My question is, what is the difference between a game that gamblers may have rigged and ANY Yankee game when they outweigh their opponents by so much money? It’s as if you had a pickup game on your playground and gave the first 9 picks to one captain. Why are people so entertained by this rigged deck? The only thing remarkable about the Yankees is a game like last night, when the 23.8 million dollar Devil Rays ACTUALLY beat the 212 million dollar Yankees. –fog

* figures for salaries came from USA Today and Sportscity.com

The USA today salaries are from the start of the year.  The Sportscity ones appear to be updated to include things like Roger Clemens.  I find it interesting that the Yankees’ team salary increased 23 million from the beginning of the season to now.  23 million is the figure that the Devil Rays pay their whole squad.  Breathtaking gluttony.

August 9, 2007

Wabbit Season. Duck Season. A-Rod Season.

Hard to post with Tommy now so you do what you can. Emailing Cincinnati Bill on the game he attended last night at Cincy and the hotdogs I consumed last time there reminded me of a story from another game in Philly: Story: We are leaving Citizen’s bank park in Philly and Kranepooligans and I hit the men’s room before the long drive home. On the way into the men’s room, there was a slight line. A guy put a big tote of hotdogs next to the line by the door and said, “free hotdogs”. I did not take one but I p’d next to many men who had their ****s in one hand and a frank in the other, happily chomping away at the “free”, old, raggety dogs….mmmmm…ambiance.

Chipper Jones has opened the season on A-Rod by being the first fairly credible guy (Canseco has said some ominous things) to speculate that A-Rod may break the record but get ready for the same speculation as to his “legitimacy” as well. I agree. He played in the rampant era of only a few years ago and as far as I’m concerned, once you take HGH, you are forever tainted, because your body fundamentally changes after that. I’m NOT SAYING that I know anything or that he did anything; just that the speculation will be increasing and it has to be entertained on he and really, all others. What they’re doing is superhuman so you wonder. That’s all.
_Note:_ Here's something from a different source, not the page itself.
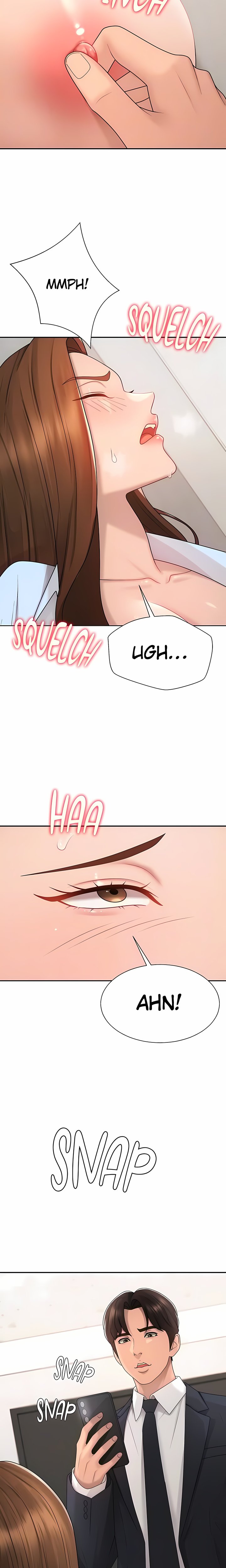 Pay With Your Body - Chapter 40 Page 15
Tony LaRussa is batting the pitcher 8th. Hooray! I agree, Tone. I used to do it in Strat-O-Matic and I used to do it in Earl Weaver Baseball. Of course in Earl Weaver, I was batting Christy Mathewson 8th and Frank Frisch 9th. It makes for an around-the-corner lineup. The first time through, the cleanup hitter is cleanup. Subsequently, there is another good hitter in front of the #3 hitter, who is really your team’s best hitter, power and average considered. Leadoff is over rated. The leadoff hitter is only guaranteed to hit leadoff, ONCE per game.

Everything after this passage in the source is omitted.